Children's Hospital Colorado

How Anesthesia Affects Developing Brains

Picture of a patient and mother sitting on a hospital bed speaking with an anesthesiologist

Modern anesthetics have come a long way since the days of ether and chloroform. These days, the medications used in anesthesia are increasingly refined for specific purposes and effects.

So what do anesthetics do? A good surgical anesthetic has three basic components:

  1. It helps the patient fall asleep.
  2. It stops the patient from moving while they're sleeping.
  3. It blocks them from feeling pain.

In kids, not many people know those purposes and effects better than Thomas Majcher, DO, Chief of Pediatric Anesthesiology at Children's Colorado. But even for experts like Dr. Majcher, the ways those medications work can be something of a mystery.

"The mechanisms aren't always entirely clear," he concedes.

That, among other factors, he says, makes it difficult to sort out how anesthesia might affect a fast-developing brain. But new research shows the effects may be longer-lasting — and easier to trigger — than previously thought.

Studying the long-term effects of anesthesia

In her lab at the University of Colorado School of Medicine, next door to Children's Colorado, renowned anesthesiologist Vesna Jevtovic-Todorovic, MD, PhD, MBA, is researching just that. Her studies suggest that prolonged exposure to anesthetics in very young brains seems to speed up a process called apoptosis, or programmed cell death.

Cells die all the time in the brain, and that's a good thing. When they're replaced by new cells, it's a process of renewal. When those deaths happen before they otherwise might, however, potential problems arise.

"It's difficult to study," says Dr. Majcher, "so we don't have much data. There are a few studies looking back at cases of prolonged anesthesia in infants and toddlers to see if that might be associated with learning difficulties later on. But there are a lot of other variables."

The current evidence is strong enough that the Food and Drug Administration now recommends children under 3 years old avoid more than three hours of exposure to anesthesia. Dr. Todorovic's research suggests that figure should perhaps even be closer to two hours.

How pediatric anesthesia research changes the course of care

For about 5 percent of kids under 3 who need surgery, that exposure is a necessary risk. The surgery just needs to happen.

But for many more children at Children's Colorado and elsewhere, the new information has changed their care. Some surgeries — such as reconstructive operations for traumas or birth defects — are now being postponed until the child is older. Others can be done with local anesthetics or spinal blocks, which don't affect brain development in kids of any age.

"We're always going to do what's best for the patient," says Dr. Majcher. "And we figure that out through these kids of studies.

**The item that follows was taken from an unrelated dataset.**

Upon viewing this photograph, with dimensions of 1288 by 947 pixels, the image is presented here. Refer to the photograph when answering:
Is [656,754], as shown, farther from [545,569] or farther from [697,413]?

This is one more piece of the whole picture."

Why pediatric anesthesia matters

"Parents' primary concern is if their child will be safe," says pediatric anesthesiologist Tessa Mandler, MD. "I always tell them, "This is what we do, day in, day out, is take care of kids."

And kids, especially infants and toddlers, are physiologically different from adults in some pretty important ways. For one thing, their airways are smaller and more reactive. Infants have a weaker heart muscle. Anesthetics affect both the breathing and the heart — making those differences, in pediatrics, an especially big deal.

Children also express pain differently than adults. As a result, pain tends to be underreported in children, which can lead to painful hospital experiences.

"At Children's Colorado, we use a number of pain scales that are appropriate to developmental age, so we can get a more accurate picture of their pain and treat it accordingly," says Dr. Majcher. "And we're all board-certified in pediatric anesthesiology, which means we have additional training in caring for infants and children having procedures or surgery."

It's that understanding of kids' unique complexities that informs the decisions Dr. Majcher and team make to get each child through each procedure — comfortable and safe.